● HOW TO COMPLETE THIS TASK:
Word-for-word repetition of the records below is needed, but only from the line holding "The Reprise of" through the final line, with pictures excluded.

● INFORMATION SUPPLIED:

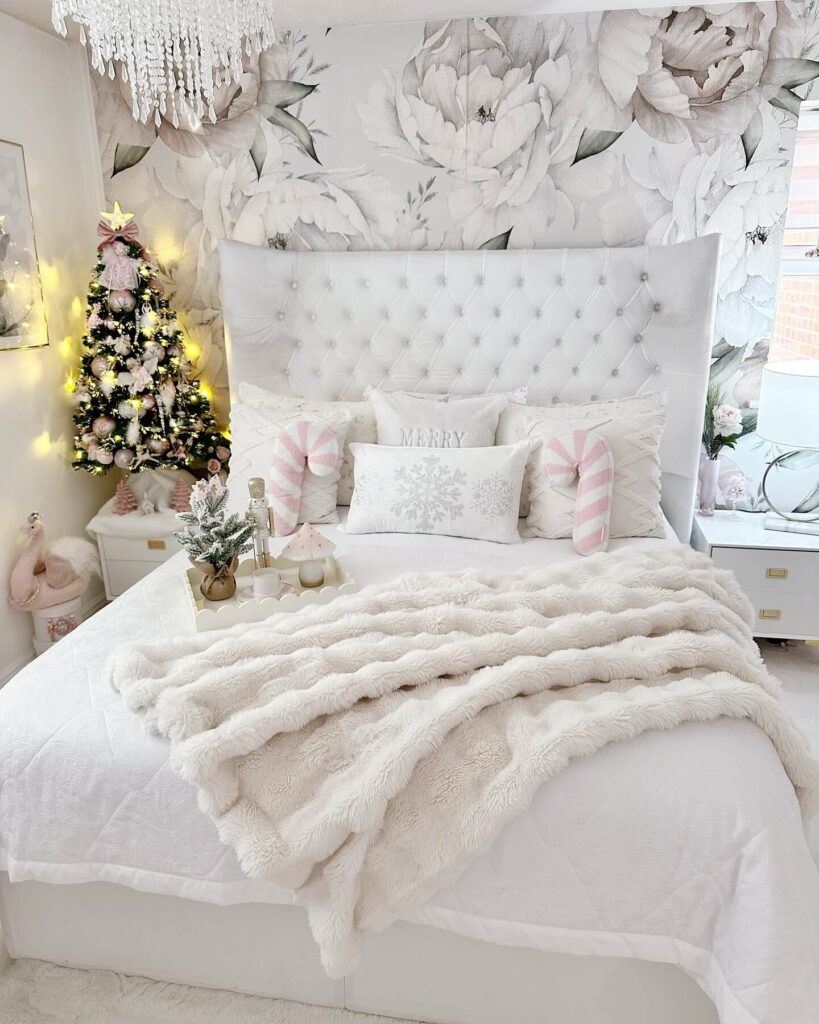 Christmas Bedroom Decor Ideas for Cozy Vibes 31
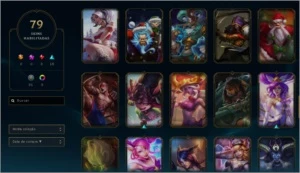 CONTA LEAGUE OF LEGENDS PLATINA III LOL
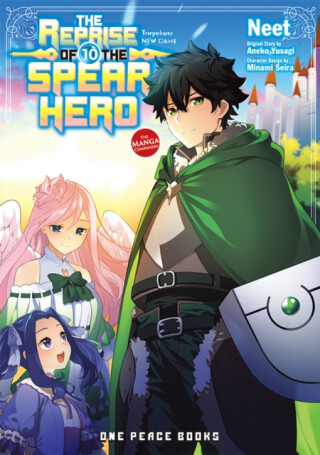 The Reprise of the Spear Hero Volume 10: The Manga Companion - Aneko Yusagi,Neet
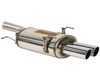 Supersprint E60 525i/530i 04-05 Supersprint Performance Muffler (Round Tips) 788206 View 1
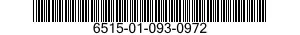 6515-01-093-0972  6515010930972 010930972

● PROBLEM SOLUTION:
 The Reprise of the Spear Hero Volume 10: The Manga Companion - Aneko Yusagi,Neet
 Supersprint E60 525i/530i 04-05 Supersprint Performance Muffler (Round Tips) 788206 View 1
 6515-01-093-0972  6515010930972 010930972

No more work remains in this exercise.